What colour is your hard hat?
People on job sites are picky about their hard hats.
Every site we’ve been on with Behind the Scenes, I’ve found that there’s a whole thing with hard hats. What colour of hat you wear is important. Though we’ve only been to a few so far, I’ve been assured that this trend will continue.
You don’t merely pick a helmet colour. These are assigned based on specific criteria.
Every site has the ordinary kind of helmet. These are for essentially competent workers who don’t really play a specialized role. They don’t necessarily denote skill nor elevated status. They are for the regular every day workers.
Wear a regular every day workers hard hat and you won’t stand out. You won’t attract attention. You get to be part of the crowd. People in these groups don’t compete with other helmet class for status. They do it with themselves. Their metrics frequently are success based, around how much, or virtue based around how consistent, how on time or how helpful.
Woe be to those who are lazy, late and unsafe. They never survive in a pack of the regular kind of helmets.
The next colour are the green ones. Those are for the green people, the rookies. The green lets everyone else know where they are. It’s a visual sign that says: I’m not yet competent, you can’t trust me. Look out for me.
When working in a dangerous place, this information is essential. Sure, rookies get a certain amount of teasing for their mistakes. And that’s a way that the regular ones bring them into their group. Groups require humility and openness to the established culture when new people show up.
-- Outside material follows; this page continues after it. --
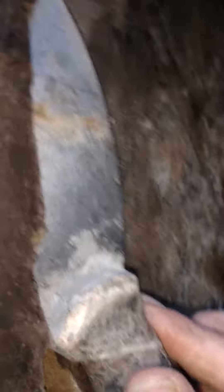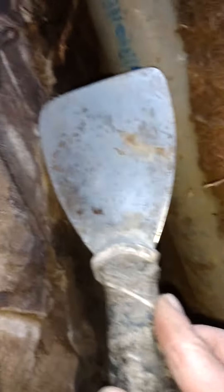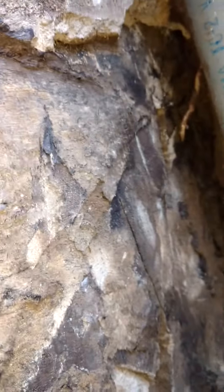The crack goes diagonally up right here to the corner, right where that root is. You can see the difference — I think you can see a little bit of tar. They scraped off some of the tar here already. Again, that's the corner crack.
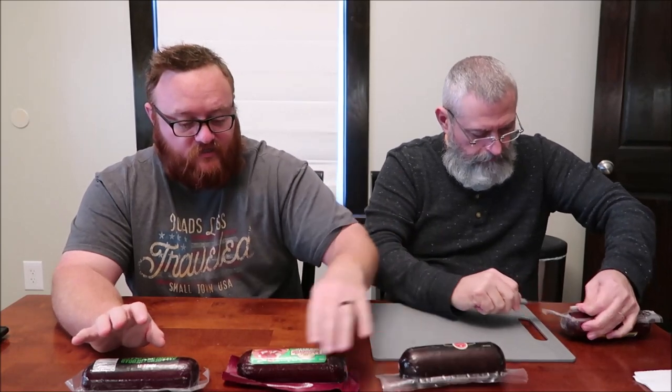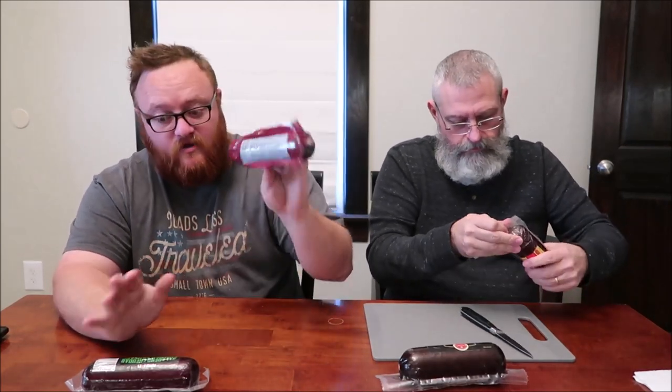Calorie-wise, Wisconsin's Best is 180 calories for two ounces, and they're all 12-ounce logs. The Primo Taglio is also 180 for two ounces, and the Pepper Joe's jalapeño cheddar is 170 — so the one with cheese actually has fewer calories, which doesn't quite make sense.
When you’re working hundreds of feet above the ground, knowing that the new people will follow the more experienced staff is important for the collective trust to continue. Status can be gained as a regular one by helping rookies, being asked to train them or doing any thing to help raise the status of the green helmets.
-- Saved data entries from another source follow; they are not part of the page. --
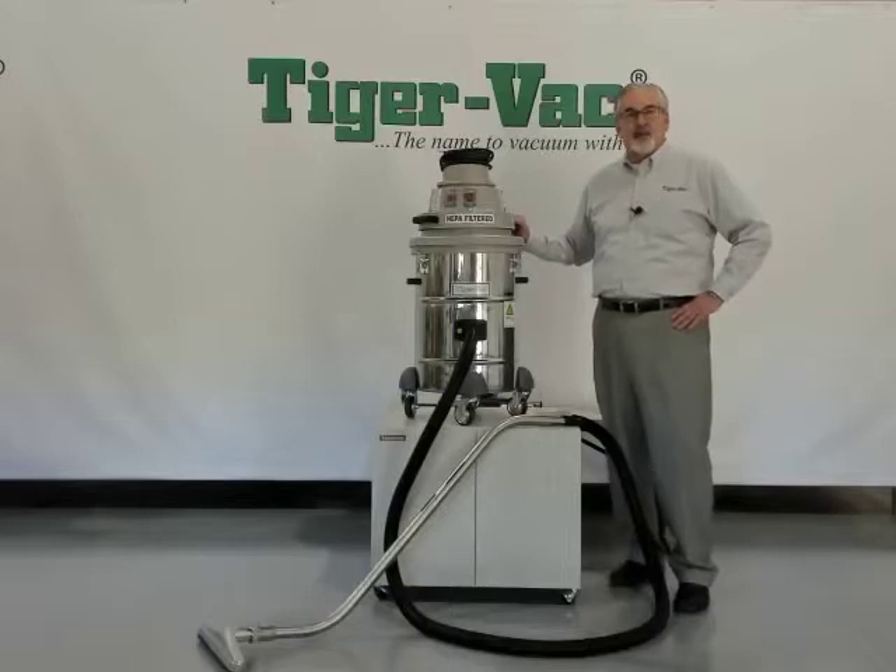Thank you for your time in viewing the C10EX-4W instructional video. For more information, please visit our website at www.tiger-vac.com.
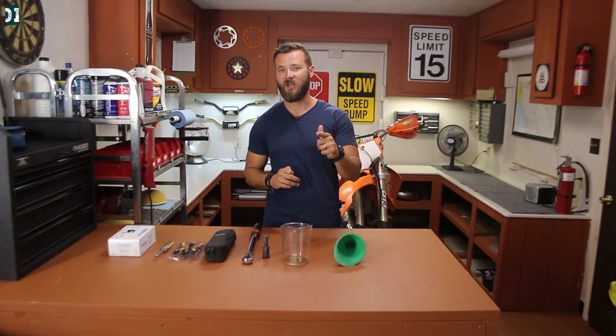Hey, what's up guys, welcome to Dirt and Iron. In this video we're going to talk about some basic tools you're gonna need in order to maintain your dirt bike, so stick around.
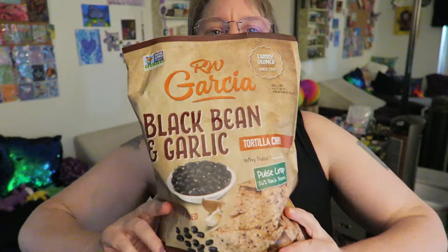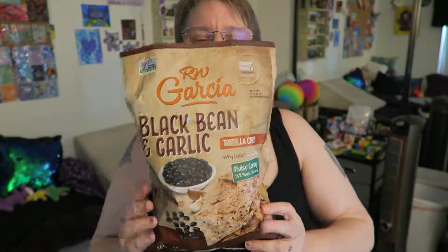Hi you guys, I'm gonna be trying a non-GMO vegan chip. This is RW Garcia black bean and garlic tortilla chips — the packaging right here. I was gifted these by a YouTube friend, thank you.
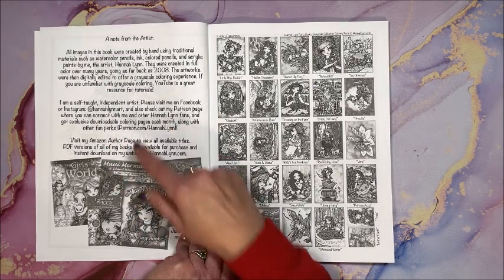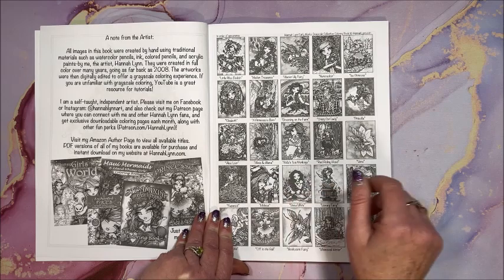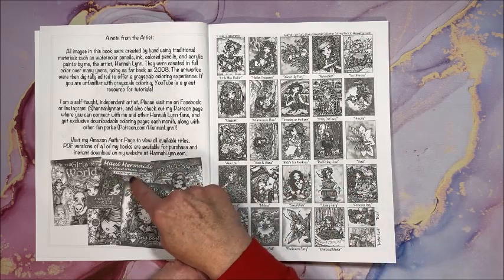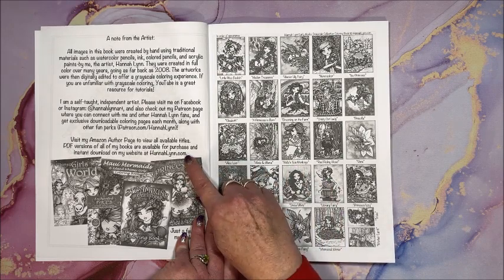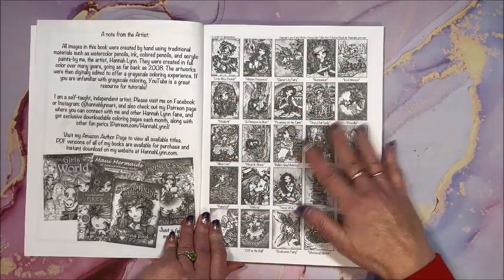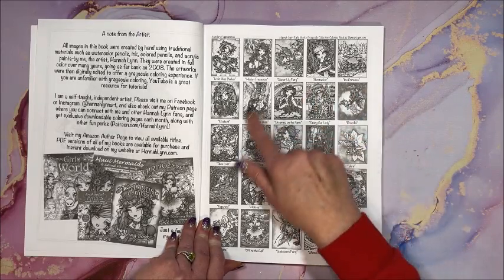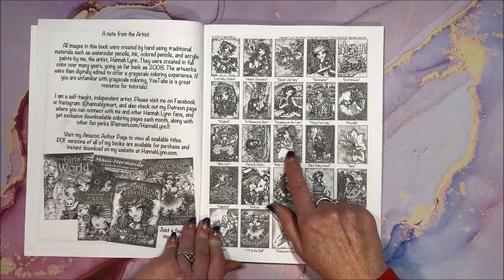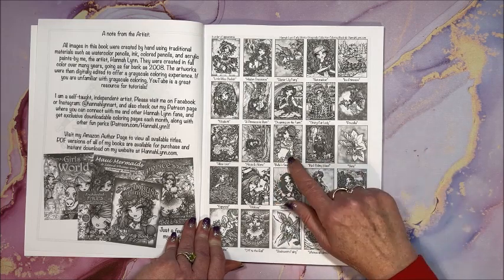She goes on to talk about herself — she does have a Patreon, her books are available on Amazon, and PDFs are also available on hannahlynn.com. In the front of the book she always gives you images of all the pictures, so if you look through and think 'oh, I want to color that one,' you can look it up instantly.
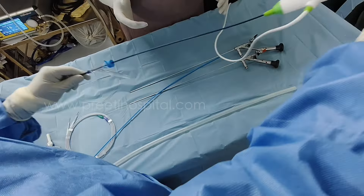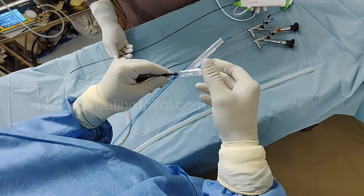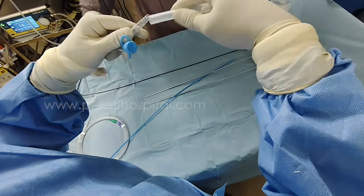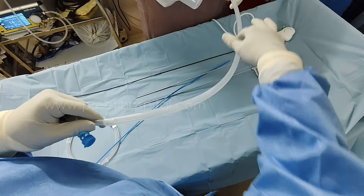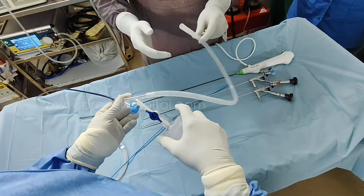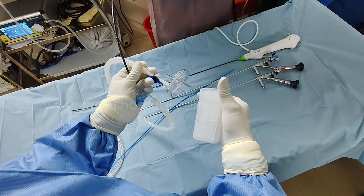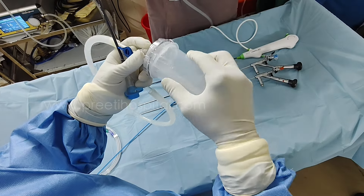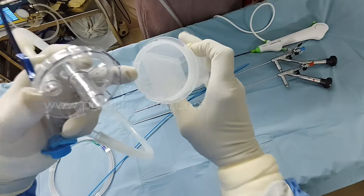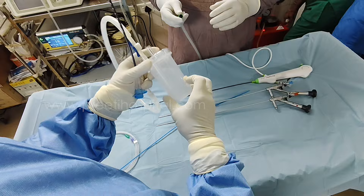As far as suction is concerned, the scope has nothing to do with suction because direct intra-scope suction is not possible. The basic mechanism is: you attach one pipe here — this length keeps it away from the penis and away from the patient. This is attached here to collect the stones. There is also one jali — can you see the jali here? In this, powder and pieces can be collected separately.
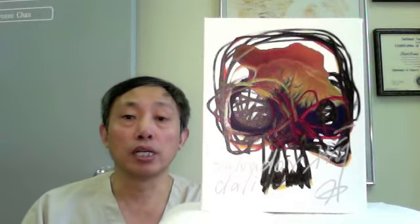Hello, I'm Dr. Tsui, the acupuncturist and herbalist, and of course the artist. Today we're going to talk about this artwork and also how to enjoy my art.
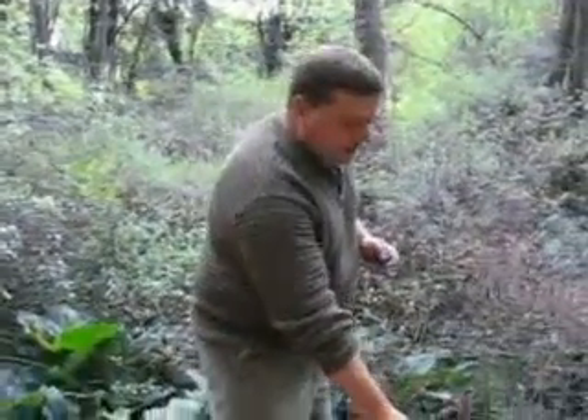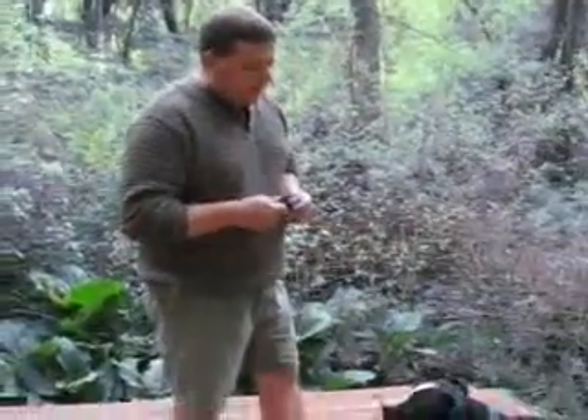The clicker is not used to get attention. It's not used to remote control the dog. It's used to mark a behavior. So the first thing you want to do with a clicker is just charge it with your dog — take a couple of days and just casually click and then treat. Good girl, Izzy.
And when people are mean to or overly harsh to a green helmet, they quickly lose status. Everyone started as a green helmet. The success of the group comes from helping people graduate from green helmets to the regular kind.
Then there are the white hats. They are worn by supervisors, leads and whatever other term you have for person in charge. Engineers always show up in green helmets. They create an interesting problem. They all think that they’re in charge. Yet they all are different people with a different perspective unable to speak in one voice.
Engineers are often rookies. They sometimes wear a green hat for a while. When this happens, they are at the lowest of the hat heap. Even rookies destined to the regular kind of hard hat have higher status than the one day white hat.
The hats create hierarchies. Status games take place within and between these hierarchies. Admiration, respect and the shadow of respect, resentment flows in both directions.
When we think about the roles we play in the world - in our homes, at work and with our friends, we don’t have hats to tell us where we belong or what we can expect from each other.
If we did,
What colour would your hard hat be?
I’ve listed a few colours and potential meanings.
What would your hard hat look like? What would it tell the rest of us about what we could expect from you?